Dylan Moran has few, if any, equals in comedy right now, and not only is he playing Galway city for the Festival, this BAFTA and Perrier award-winning comedian is also bringing his new show, Dolla Ho, to the Raheen Woods Hotel, Athenry on Thursday, October 23rd at 7pm.
Dolla Ho is a distillation of the very best material created and explored on the 2024 Work In Progress Wander, where Dylan travelled the highways and byways of Ireland, playing 50 shows in 35 towns.
Dolla Ho will see the Navan man examining our obsession with our phones, social media, and doom scrolling, what he calls “new forms of misery”, resulting in “looking at the universe and everything for an incredibly constrained, frightened, small, petty viewpoint,” as he told RTÉ’s Oliver Callan Show.
Instead of remaining frightened, Moran wants his comedy to shake us out of such fears and get audiences laughing “because you’ve described what life feels like right now”.
Omid Djalili is making a very welcome return to Galway and is on a similar mission to tell it like it is when he brings his new stand-up show, NAMASTE, to the Town Hall Theatre on Tuesday, October 21, at 7pm.
“I’ve always tried to be nice about people, but this time I can’t,” he told The Birmingham Press. “The world is in such a terrible state. At the end of the day, the whole purpose of comedy is not just making people laugh. When you talk about the means to an end, the means is comedy, but the end is to actually make sense of what’s going on. And because I’m from the Middle East, I feel I do have some answers.”
In this show, the Persian comedy star taps into his anger to deliver sharp, funny takes on today’s messed-up world. No government is safe, no tyrant goes unchallenged, and the audience is guaranteed to laugh non-stop.
“Omid is a palette cleanser,” Leftlion.co.uk said. “His comedic talent is to have us laughing at what made us despair last week. Namaste is a thought-provoking show which hits the spot. Omid is not only not afraid to speak about the world’s ills, but he also manages to find appropriate comedy in it. This he uses to educate and, most importantly, inspire, giving hope.”
Jack Dee is opting for a very different approach. Culture wars, the climate crisis, British foreign policy, and social justice are all topics Dee will not be addressing in his new show, Small World, at the Black Box Theatre on Thursday, October 23rd 7pm.

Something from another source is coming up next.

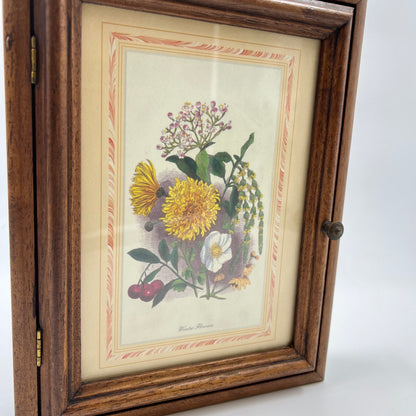 Ξύλινη Ρουστίκ Κλειδοθήκη Με Floral Γκραβούρα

Small World is Dee reminding us that even in a world of chaos, it is the little things that can bring joy, or remind us of the absurdities of life, allowing us the space to not take it all too seriously.
Galway audiences will be treated to an exploration of Dee's fascination with things like Zoom protocol, new radiators, and the world’s worst careers advice office. As Dee told The Sun, “The kind of comedy I like is when you focus on minutiae and become more and more sort of silly with it."

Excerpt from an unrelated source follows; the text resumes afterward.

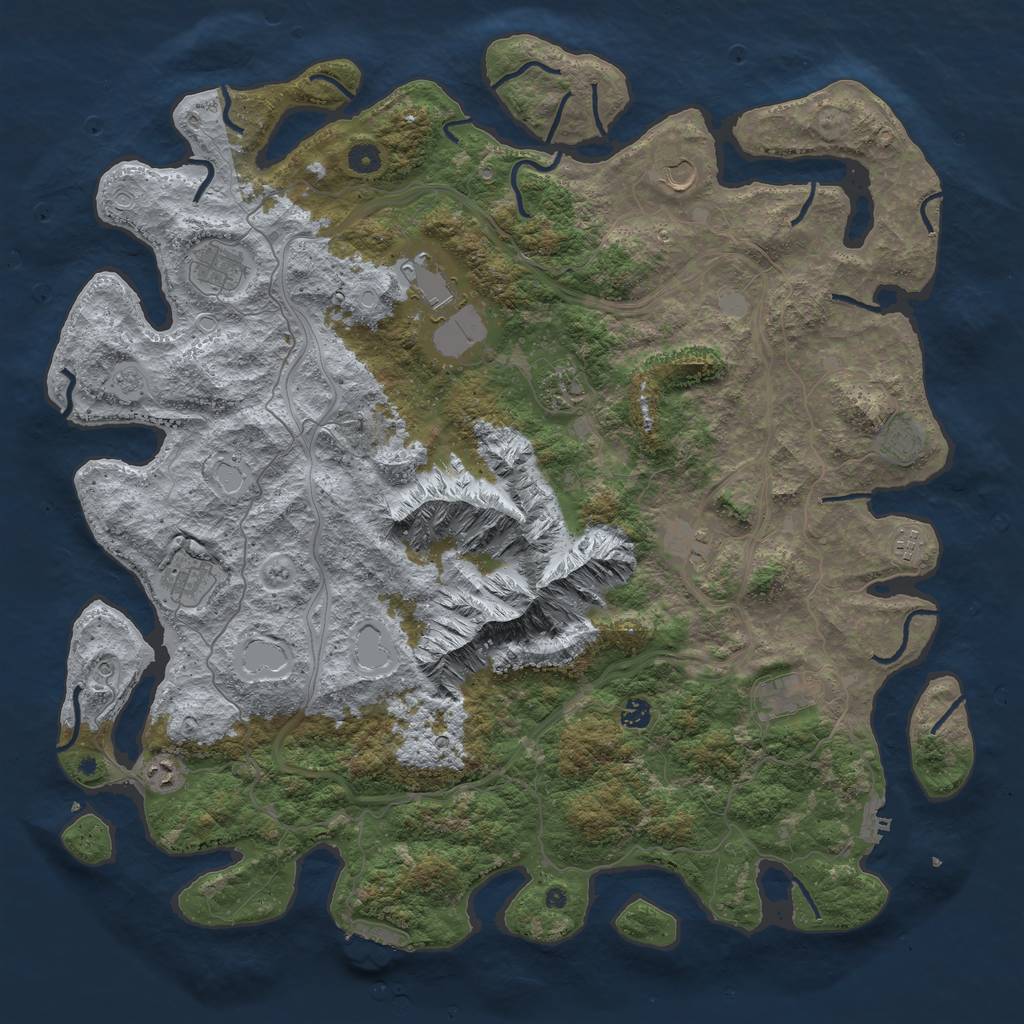 Rust Map: Procedural Map, Size: 5000, Seed: 1271480750, 18 Monuments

Galway Comedy Festival wouldn’t be the same, or feel complete, without Rich Hall, Montana’s curmudgeonly singing cowboy.
Through a career spanning more than a quarter of a century, Hall has won critical acclaim, enjoys sell-out audiences each year at the Edinburgh Fringe and at comedy festivals worldwide, inspired The Simpsons character, Moe Szyslak, and authored the highly praised memoir, Nailing It.
Hall returns with a song and a story delivered in his grouchy, deadpan style, where a big heart always lurks beneath the cynicism, at his solo show in Róisín Dubh on Tuesday, October 21 at 7.30pm, and as part of a mixed bill show at the Black Box Theatre on Wednesday, October 22 at 7pm, and later that same night at 10.30pm at Late Night KARLnival in Pálás Cinema.